Recorded data:
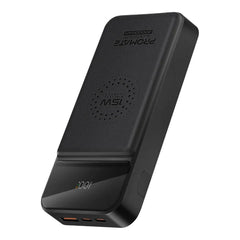 A Photo Of Promate AuraTorq-20 Ultra Slim 15W Wireless Charging Power Bank | 20W PD & QC3.0 Fast Charger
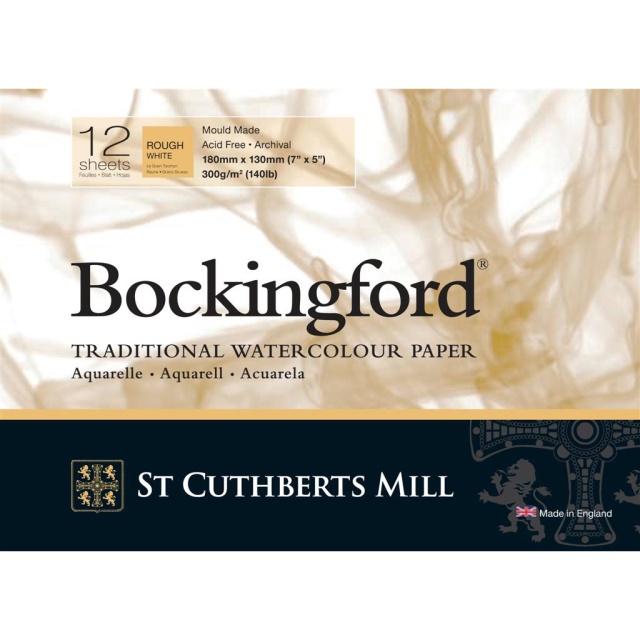 Bockingford Akvarelliilehtiö Rough 300g 18x13cm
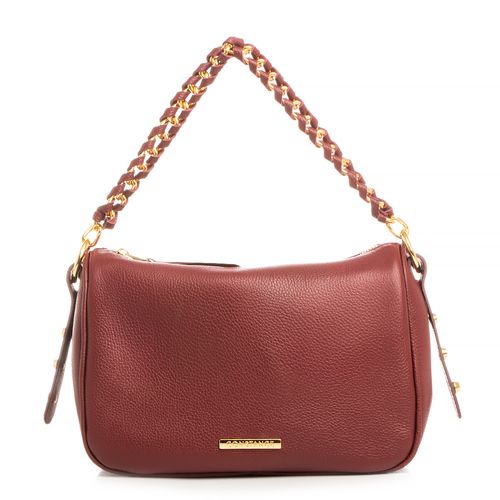Bolsa Burgundy Couro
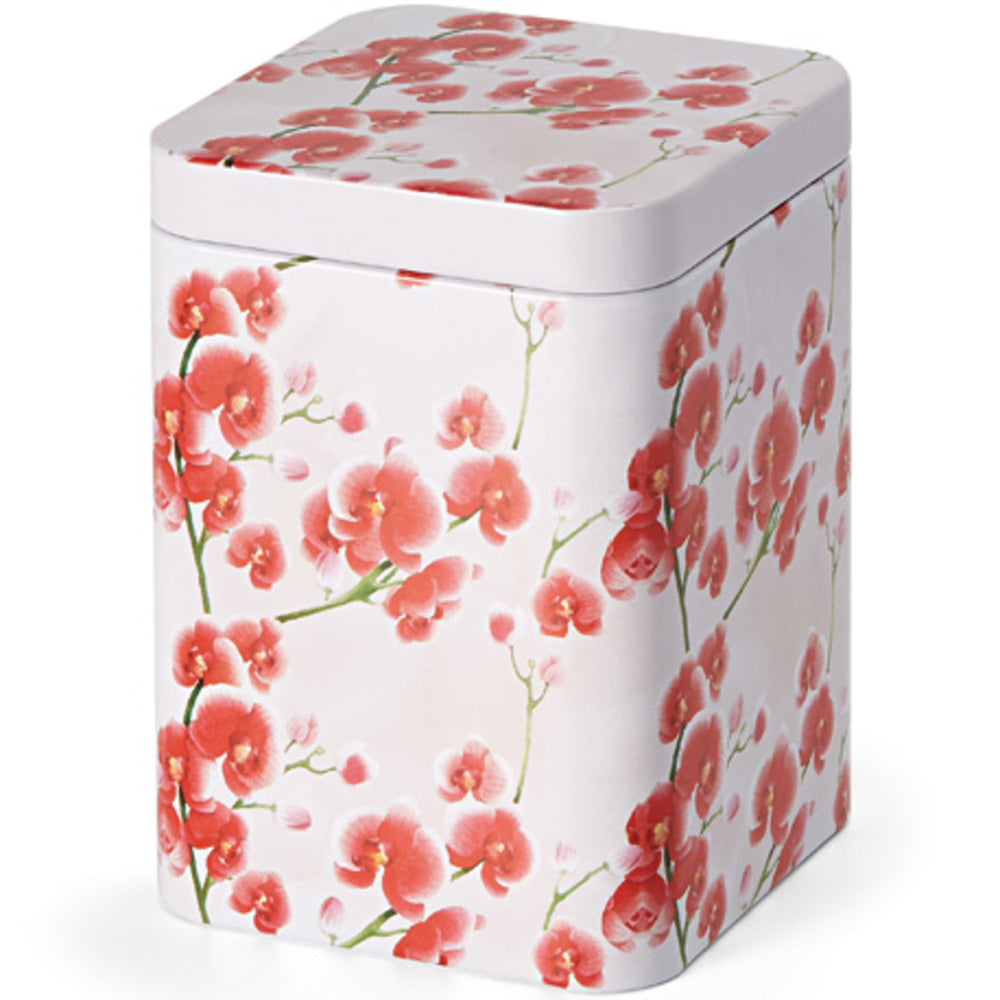 Lata Estampado De Orquídeas - 100g_0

Directions for this task: Transcribe the listing in full and omit the pictures.

Response:
 A Photo Of Promate AuraTorq-20 Ultra Slim 15W Wireless Charging Power Bank | 20W PD & QC3.0 Fast Charger
 Bockingford Akvarelliilehtiö Rough 300g 18x13cm
Bolsa Burgundy Couro
 Lata Estampado De Orquídeas - 100g_0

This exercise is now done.